Run the following statement to create a table.


CREATE EXTERNAL TABLE `blogdb`.`original_csv` (
  `id` string,
  `date` string,
  `element` string,
  `datavalue` bigint,
  `mflag` string,
  `qflag` string,
  `sflag` string,
  `obstime` bigint)
ROW FORMAT DELIMITED
  FIELDS TERMINATED BY ','
STORED AS INPUTFORMAT
  'org.apache.hadoop.mapred.TextInputFormat'
OUTPUTFORMAT
  'org.apache.hadoop.hive.ql.io.HiveIgnoreKeyTextOutputFormat'
LOCATION
  's3://aws-bigdata-blog/artifacts/athena-ctas-insert-into-blog/'

Step 2: Use CTAS to partition, convert, and compress the data

After you create a table, you can use a single CTAS statement to convert the data to Parquet format with Snappy compression and to partition the data by year.

The table you created in Step 1 has a date field with the date formatted as YYYYMMDD (for example, 20100104).

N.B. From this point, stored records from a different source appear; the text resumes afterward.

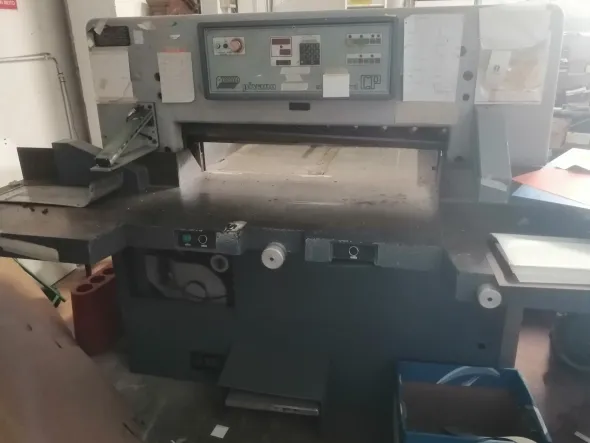 macchine cartotecnica e presse H.F.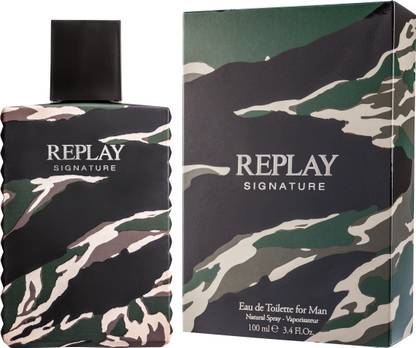 REPLAY Signature For Him Eau de Toilette  -  100 ml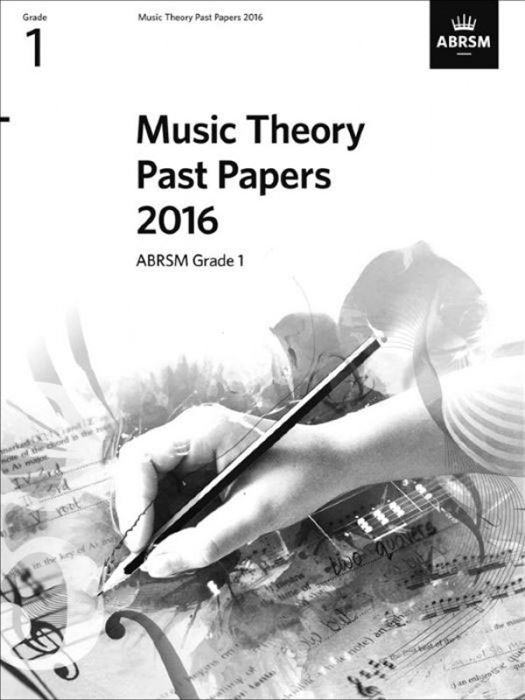 ABRSM Music Theory Past Papers 2016 Grade 1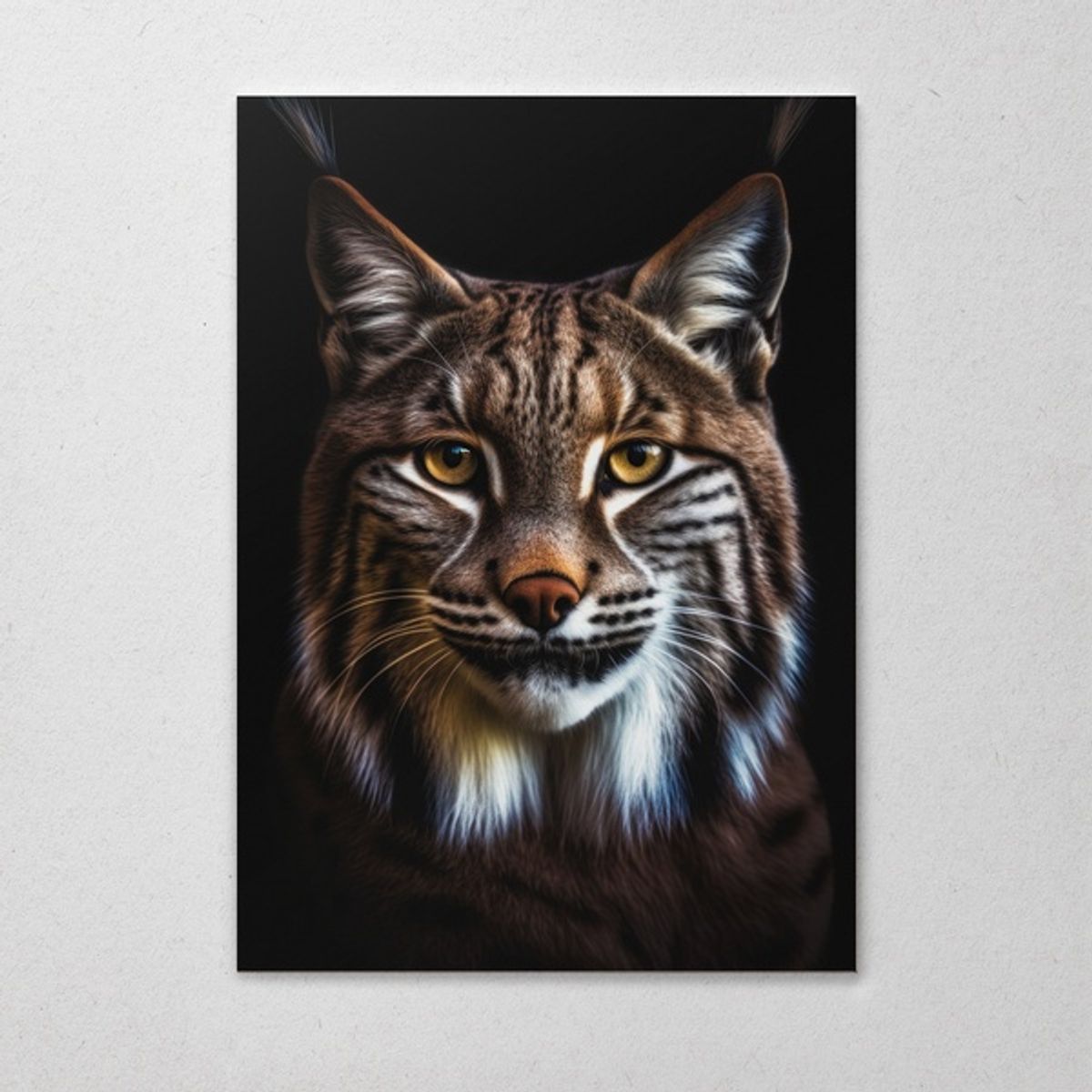 TAYRONA STORE - Cuadros Retablo Animales Felinos 014 - 35x50cm
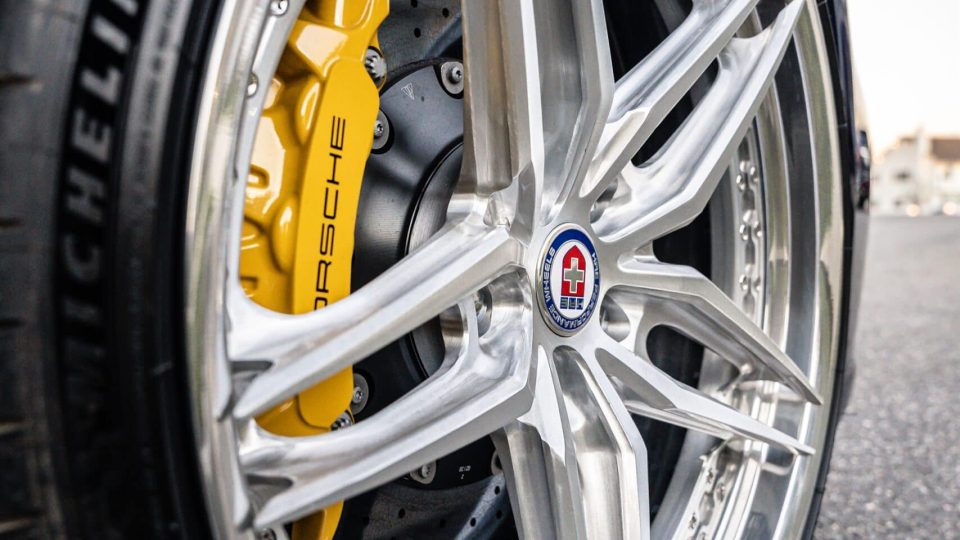 HRE S107SC | Porsche 992 Carrera S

Because the new table will be partitioned on year, the sample statement in the following procedure uses the Presto function substr("date",1,4) to extract the year value from the date field.

To convert the data to parquet format with snappy compression, partitioning by year

Run the following CTAS statement, replacing your-bucket with your Amazon S3 bucket location.


CREATE table new_parquet
WITH (format='PARQUET',
parquet_compression='SNAPPY',
partitioned_by=array['year'],
external_location = 's3://amzn-s3-demo-bucket/optimized-data/')
AS
SELECT id,
         date,
         element,
         datavalue,
         mflag,
         qflag,
         sflag,
         obstime,
         substr("date",1,4) AS year
FROM original_csv
WHERE cast(substr("date",1,4) AS bigint) >= 2015
        AND cast(substr("date",1,4) AS bigint) <= 2019

Note

In this example, the table that you create includes only the data from 2015 to 2019. In Step 3, you add new data to this table using the INSERT INTO command.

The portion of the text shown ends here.